How are projects initiated?

Projects are initiated in a number of ways:

  • A system that is currently in place in an organisation is not doing its job efficiently. Perhaps the business has grown and the system can't cope anymore. Perhaps too many problems keep arising.
  • Perhaps it is a new business that needs a way of solving a problem, for example, a new company needs to take on-line payments.
  • Perhaps an old system isn't flexible enough, or costs too much to run.
  • Perhaps there is a change in legislation that requires an existing computer system to be modified in some way.
  • Perhaps the company has heard of some new technology that they think may help them make their business more efficient and give them an advantage over their competitors.

Whatever the reason, a manager will notice that a system needs to be looked at. In the first instance, they will arrange a meeting with a Systems Analyst.

The first meeting

A Systems Analyst's job is to take charge of assessing a problem and to see whether or not it is suitable for computerisation, or whether an existing computer system can be upgraded. They will be expert in assessing situations. They will have a wide knowledge of existing computer technology and will be able to visualise what can be achieved with this technology. Before a Systems Analyst solves a problem, however, they need to be clear what the problem is! This might sound like common sense but can take a lot of time to get clear and it must be clear before any real work begins.

When company X has a problem, they will call in a Systems Analyst to look into it. We can assume that the company will be expert in whatever area of business they are in. They will not be expert in computer systems. They will not know about the latest technology. They will not necessarily know all that can be achieved using computers in their business area.

This is where the potential problem lies. The Systems Analyst is an expert in computer systems, but not company X's business. Company X is an expert in their business but may, at best, have only a vague idea about computer technology and what it can do for the business. Yet they have to talk together at the beginning of a project to decide what the project aims are. It is a little like two people who speak two different languages meeting together. They have to find a common way to communicate.

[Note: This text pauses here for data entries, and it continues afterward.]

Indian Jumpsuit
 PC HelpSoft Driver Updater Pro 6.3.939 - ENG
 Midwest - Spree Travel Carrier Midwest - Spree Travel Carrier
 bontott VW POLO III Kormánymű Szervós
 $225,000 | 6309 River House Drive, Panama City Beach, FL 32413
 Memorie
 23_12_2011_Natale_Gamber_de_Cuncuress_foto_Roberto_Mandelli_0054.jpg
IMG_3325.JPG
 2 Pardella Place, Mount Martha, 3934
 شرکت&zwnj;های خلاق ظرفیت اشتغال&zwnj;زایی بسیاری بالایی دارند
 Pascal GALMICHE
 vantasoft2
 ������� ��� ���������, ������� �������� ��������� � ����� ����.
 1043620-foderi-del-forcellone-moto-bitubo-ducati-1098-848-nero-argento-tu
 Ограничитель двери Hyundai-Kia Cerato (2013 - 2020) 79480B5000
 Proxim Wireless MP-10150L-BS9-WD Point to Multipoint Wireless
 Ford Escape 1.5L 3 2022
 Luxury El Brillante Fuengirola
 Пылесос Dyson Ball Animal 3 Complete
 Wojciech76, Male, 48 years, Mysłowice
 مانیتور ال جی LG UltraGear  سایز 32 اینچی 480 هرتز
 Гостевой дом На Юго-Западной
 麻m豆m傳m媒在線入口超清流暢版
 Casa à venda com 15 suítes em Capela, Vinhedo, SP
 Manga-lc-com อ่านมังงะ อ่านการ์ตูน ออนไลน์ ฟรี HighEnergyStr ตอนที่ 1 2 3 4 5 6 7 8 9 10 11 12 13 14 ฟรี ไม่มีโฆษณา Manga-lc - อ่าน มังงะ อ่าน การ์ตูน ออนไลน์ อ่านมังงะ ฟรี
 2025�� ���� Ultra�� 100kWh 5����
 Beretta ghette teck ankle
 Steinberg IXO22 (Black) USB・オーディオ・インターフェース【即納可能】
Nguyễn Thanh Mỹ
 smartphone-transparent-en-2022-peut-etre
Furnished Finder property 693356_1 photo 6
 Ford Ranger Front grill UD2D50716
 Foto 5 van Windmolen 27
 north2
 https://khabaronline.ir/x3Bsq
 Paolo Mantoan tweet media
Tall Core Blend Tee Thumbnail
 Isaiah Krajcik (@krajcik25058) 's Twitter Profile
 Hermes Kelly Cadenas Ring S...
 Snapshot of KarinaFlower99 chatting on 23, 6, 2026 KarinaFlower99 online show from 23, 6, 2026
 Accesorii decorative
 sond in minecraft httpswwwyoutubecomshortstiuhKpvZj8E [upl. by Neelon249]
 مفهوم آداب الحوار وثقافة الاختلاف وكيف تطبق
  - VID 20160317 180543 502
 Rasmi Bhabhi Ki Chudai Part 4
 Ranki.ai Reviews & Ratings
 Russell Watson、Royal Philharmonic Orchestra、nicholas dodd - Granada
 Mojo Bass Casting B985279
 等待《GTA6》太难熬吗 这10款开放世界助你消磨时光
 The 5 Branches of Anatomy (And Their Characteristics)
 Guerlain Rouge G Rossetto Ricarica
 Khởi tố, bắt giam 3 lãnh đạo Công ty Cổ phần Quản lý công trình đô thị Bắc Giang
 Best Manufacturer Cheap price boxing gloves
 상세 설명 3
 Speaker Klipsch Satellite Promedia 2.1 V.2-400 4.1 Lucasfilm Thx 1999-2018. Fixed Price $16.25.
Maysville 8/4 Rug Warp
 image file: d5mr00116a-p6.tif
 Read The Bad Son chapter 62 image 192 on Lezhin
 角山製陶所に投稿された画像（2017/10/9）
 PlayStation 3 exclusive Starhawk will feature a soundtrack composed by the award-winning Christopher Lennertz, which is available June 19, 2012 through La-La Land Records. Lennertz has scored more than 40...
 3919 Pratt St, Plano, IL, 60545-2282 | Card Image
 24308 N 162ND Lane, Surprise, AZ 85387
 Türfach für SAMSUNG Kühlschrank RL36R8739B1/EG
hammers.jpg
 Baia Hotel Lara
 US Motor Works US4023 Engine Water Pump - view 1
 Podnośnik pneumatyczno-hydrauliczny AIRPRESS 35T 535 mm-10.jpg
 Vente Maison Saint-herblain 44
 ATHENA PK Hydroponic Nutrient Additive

When company X calls in the Systems Analyst for the first time, they will sit down together and company X will explain why they have contacted the Systems Analyst. The Systems Analyst will listen carefully and will also use this opportunity to ask any questions, perhaps clarifying some of the jargon that company X has used during the discussion or double-checking that they have understood what they have been told by the company. Together, they will try to define the 'scope' of the problem. They will try to flesh out what the problem is in language that both company X and the Systems Analyst understand.